▼

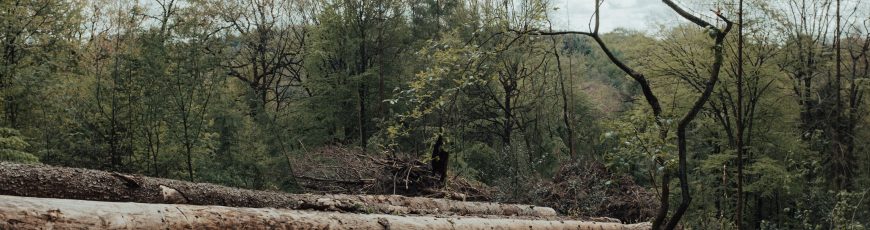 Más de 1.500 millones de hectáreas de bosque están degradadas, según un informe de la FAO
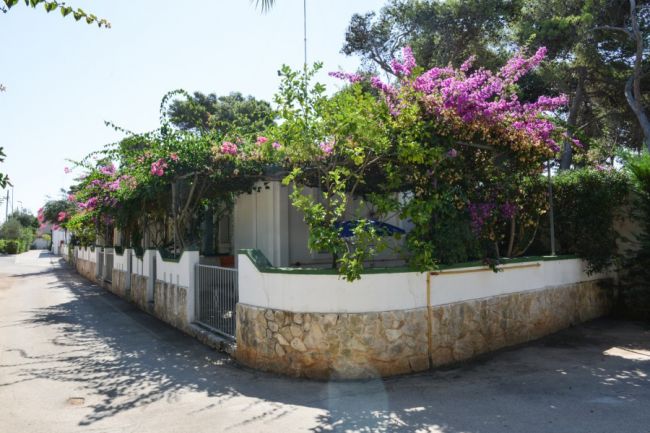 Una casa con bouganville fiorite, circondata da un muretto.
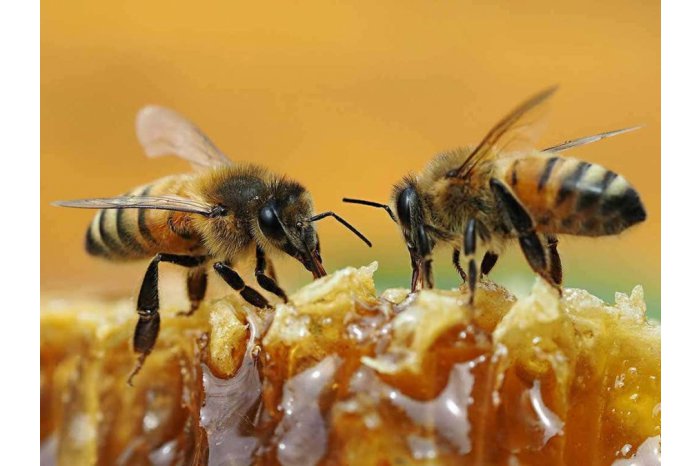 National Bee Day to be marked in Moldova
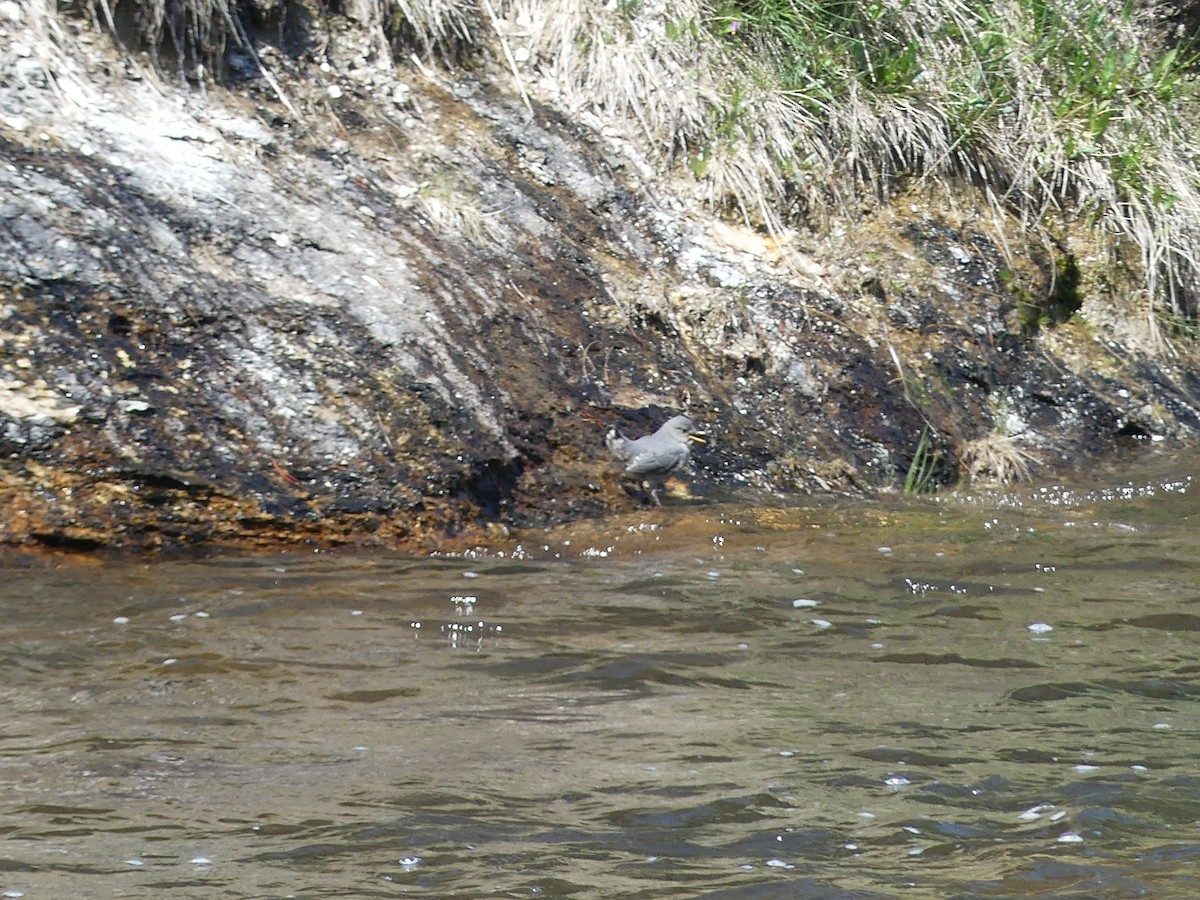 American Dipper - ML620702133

▲

Aim of the exercise:
Extract the run of lines beginning with the line that holds "Una casa con" and ending at the last line of the data, inclusive. Exclude any pictures from the copy.

Answer box:
 Una casa con bouganville fiorite, circondata da un muretto.
 National Bee Day to be marked in Moldova
 American Dipper - ML620702133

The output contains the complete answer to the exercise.